We can also use attributes like `.day` to get the day and `.year` to get the year from datetime columns

## Text classification

### Engineering features from strings - extraction

The `Length` column in the `hiking` dataset is a column of strings, but contained in the column is the mileage for the hike. We're going to extract this mileage using regular expressions, and then use a lambda in Pandas to apply the extraction to the DataFrame.

In [None]:
utils.hiking.head()

In [None]:
# Write a pattern to extract numbers and decimals
import re

def return_mileage(length):
    if length is not None:
        pattern = re.compile(r"\d+\.\d+")

        # Search the text for matches
        mile = re.match(pattern, length)

        # If a value is returned, use group(0) to return the found value
        if mile is not None:
            return float(mile.group(0))

In [None]:
# Apply the function to the Length column
utils.hiking["Length_num"] = utils.hiking["Length"].apply(lambda row: return_mileage(row))

In [None]:
# Take a look at both columns
utils.hiking[["Length", "Length_num"]].head()

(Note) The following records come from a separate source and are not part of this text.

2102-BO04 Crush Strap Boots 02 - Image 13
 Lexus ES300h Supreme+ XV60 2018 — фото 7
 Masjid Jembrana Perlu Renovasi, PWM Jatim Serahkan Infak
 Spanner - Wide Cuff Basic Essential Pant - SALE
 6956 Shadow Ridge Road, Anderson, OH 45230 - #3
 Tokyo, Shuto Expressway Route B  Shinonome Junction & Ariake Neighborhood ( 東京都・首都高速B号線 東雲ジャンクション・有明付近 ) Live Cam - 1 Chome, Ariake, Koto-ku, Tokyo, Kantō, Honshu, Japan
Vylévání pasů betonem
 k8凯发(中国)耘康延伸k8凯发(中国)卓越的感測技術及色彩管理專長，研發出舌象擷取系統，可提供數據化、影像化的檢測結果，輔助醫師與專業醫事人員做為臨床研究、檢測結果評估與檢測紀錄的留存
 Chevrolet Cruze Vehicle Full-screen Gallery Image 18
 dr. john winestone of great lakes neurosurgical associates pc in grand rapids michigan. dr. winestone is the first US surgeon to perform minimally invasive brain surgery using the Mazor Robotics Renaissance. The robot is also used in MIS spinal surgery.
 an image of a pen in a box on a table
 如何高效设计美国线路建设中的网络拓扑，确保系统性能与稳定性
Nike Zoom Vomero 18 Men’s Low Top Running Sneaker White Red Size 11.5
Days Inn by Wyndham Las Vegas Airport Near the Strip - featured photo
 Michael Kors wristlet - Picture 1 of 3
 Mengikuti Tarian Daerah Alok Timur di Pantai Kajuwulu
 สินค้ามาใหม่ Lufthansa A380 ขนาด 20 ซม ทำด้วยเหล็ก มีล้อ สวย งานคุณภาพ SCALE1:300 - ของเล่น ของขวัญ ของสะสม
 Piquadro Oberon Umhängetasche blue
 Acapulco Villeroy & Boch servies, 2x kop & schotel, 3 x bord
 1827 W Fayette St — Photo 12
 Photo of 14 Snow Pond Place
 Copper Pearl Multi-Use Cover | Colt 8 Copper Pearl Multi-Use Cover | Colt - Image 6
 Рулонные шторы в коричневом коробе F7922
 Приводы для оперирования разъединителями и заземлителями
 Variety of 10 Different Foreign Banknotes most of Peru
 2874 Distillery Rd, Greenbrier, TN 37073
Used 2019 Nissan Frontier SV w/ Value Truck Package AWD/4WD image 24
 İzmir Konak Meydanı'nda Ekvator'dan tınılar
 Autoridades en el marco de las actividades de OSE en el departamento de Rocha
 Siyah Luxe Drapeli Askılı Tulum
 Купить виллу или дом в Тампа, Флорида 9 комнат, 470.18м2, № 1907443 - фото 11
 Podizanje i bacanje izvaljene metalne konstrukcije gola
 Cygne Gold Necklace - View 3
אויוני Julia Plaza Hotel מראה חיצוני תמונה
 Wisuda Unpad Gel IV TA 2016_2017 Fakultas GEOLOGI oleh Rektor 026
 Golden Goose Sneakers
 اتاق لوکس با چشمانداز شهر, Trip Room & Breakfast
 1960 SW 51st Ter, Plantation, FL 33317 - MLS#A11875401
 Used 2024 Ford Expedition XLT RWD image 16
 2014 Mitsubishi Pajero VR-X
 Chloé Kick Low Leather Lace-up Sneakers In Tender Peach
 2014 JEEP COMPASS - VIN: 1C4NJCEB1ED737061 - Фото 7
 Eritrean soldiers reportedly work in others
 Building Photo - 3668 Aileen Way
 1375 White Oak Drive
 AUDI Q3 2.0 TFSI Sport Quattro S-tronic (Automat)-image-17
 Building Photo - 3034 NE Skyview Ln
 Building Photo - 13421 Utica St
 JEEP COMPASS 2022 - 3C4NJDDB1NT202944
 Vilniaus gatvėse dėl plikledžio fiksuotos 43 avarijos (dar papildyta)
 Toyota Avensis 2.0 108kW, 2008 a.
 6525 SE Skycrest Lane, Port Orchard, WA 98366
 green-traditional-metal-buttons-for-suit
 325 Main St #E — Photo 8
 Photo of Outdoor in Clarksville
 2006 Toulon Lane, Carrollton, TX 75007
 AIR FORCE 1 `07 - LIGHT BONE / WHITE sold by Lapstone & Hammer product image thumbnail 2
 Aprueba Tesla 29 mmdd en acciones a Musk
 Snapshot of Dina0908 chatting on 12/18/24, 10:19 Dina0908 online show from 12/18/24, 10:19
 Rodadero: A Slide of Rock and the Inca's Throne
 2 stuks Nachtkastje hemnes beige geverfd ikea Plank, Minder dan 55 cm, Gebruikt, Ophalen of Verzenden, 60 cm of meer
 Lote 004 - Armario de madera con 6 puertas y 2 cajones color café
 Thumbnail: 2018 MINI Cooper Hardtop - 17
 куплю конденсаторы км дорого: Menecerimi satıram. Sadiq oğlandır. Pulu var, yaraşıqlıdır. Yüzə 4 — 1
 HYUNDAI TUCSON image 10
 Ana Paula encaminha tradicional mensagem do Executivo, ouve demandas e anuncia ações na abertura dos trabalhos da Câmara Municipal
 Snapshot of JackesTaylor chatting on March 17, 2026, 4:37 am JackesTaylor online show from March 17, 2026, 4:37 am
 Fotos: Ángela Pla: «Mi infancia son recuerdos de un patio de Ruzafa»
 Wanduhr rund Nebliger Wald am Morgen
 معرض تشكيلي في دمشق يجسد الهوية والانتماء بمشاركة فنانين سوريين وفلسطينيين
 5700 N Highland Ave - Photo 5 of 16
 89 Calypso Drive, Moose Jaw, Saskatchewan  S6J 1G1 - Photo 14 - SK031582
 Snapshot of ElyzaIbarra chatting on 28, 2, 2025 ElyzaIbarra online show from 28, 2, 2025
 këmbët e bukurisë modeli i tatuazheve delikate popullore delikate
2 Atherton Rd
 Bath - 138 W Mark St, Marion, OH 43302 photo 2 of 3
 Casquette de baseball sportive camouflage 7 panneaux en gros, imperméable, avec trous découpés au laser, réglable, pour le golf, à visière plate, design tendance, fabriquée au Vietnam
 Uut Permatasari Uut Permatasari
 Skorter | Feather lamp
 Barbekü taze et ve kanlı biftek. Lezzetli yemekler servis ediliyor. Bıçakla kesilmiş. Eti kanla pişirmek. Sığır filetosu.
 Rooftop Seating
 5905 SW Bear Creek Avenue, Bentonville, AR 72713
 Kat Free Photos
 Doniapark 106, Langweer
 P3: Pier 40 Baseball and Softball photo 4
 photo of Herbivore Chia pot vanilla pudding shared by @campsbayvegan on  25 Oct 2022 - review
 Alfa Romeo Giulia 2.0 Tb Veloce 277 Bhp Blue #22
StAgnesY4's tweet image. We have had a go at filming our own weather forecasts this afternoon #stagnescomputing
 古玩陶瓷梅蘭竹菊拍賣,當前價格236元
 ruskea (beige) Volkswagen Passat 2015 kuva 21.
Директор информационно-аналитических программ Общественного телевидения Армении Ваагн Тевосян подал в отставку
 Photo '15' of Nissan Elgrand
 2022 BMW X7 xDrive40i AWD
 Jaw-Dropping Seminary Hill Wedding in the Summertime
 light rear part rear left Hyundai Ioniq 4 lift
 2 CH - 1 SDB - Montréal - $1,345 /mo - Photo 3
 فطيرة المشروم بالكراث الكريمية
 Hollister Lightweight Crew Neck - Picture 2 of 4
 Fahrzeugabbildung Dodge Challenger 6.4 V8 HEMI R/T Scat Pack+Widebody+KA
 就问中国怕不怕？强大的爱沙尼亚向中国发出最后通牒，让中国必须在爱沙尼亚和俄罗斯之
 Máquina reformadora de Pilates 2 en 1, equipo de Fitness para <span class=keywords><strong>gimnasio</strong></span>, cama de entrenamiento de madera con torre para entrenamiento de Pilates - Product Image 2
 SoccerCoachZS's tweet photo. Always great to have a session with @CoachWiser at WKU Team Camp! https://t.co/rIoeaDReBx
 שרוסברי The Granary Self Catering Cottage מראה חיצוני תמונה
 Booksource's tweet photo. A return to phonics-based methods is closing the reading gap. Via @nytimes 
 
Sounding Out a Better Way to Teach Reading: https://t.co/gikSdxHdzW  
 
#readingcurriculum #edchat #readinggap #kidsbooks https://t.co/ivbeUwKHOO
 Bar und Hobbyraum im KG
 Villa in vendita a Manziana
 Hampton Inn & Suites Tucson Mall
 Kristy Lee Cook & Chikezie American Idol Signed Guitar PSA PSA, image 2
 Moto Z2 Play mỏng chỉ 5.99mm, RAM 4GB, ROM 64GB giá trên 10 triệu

### Engineering features from strings - tf/idf

Let's transform the `volunteer` dataset's `title` column into a text vector, to use in a prediction task in the next example.

In [None]:
# Take the title text
title_text = utils.volunteer.title

In [None]:
# Create the vectorizer method
from sklearn.feature_extraction.text import TfidfVectorizer

tfidf_vec = TfidfVectorizer()

In [None]:
# Transform the text into tf-idf vectors
text_tfidf = tfidf_vec.fit_transform(title_text)

### Text classification using tf/idf vectors

Now that we've encoded the`volunteer` dataset's `title` column into tf/idf vectors, let's use those vectors to try to predict the `category_desc` column. Notice that we have to run the `toarray()` method on the tf/idf vector, in order to get in it the proper format for scikit-learn.

In [None]:
# Split the dataset according to the class distribution of category_desc
y = utils.volunteer["category_desc"]
X_train, X_test, y_train, y_test = train_test_split(text_tfidf.toarray(), y, stratify=y, random_state=42)

In [None]:
# Let's use Naive Bayes
from sklearn.naive_bayes import GaussianNB

# Fit the model to the training data
nb = GaussianNB()
nb.fit(X_train, y_train)

In [None]:
# Print out the model's accuracy
nb.score(X_test, y_test)

Notice that the model doesn't score very well. We'll work on selecting the best features for modeling in the next part of the lesson.

# Selecting features for modeling

This section goes over a few different techniques for selecting the most important features from the dataset. We'll learn how to drop redundant features, work with text vectors, and reduce the number of features in the dataset using principal component analysis (PCA).

## Feature selection

### When to use feature selection

Let's say we had finished standardizing our data and creating new features. Which of the following scenarios is **NOT** a good candidate for feature selection?

**Possible Answers**

1. Several columns of running times that have been averaged into a new column.
2. A text field that hasn't been turned into a tf/idf vector yet.
3. A column of text that has already had a float extracted out of it.
4. A categorical field that has been one-hot encoded.
5. The dataset contains columns related to whether something is a fruit or vegetable, the name of the fruit or vegetable, and the scientific name of the plant.

In [None]:
# Use 1,2,3,4 or 5 as parameter
utils.feature_selction_puzzle()

## Removing redundant features

### Selecting relevant features

Now let's identify the redundant columns in the `volunteer_processed` dataset and perform feature selection on the dataset to return a DataFrame of the relevant features.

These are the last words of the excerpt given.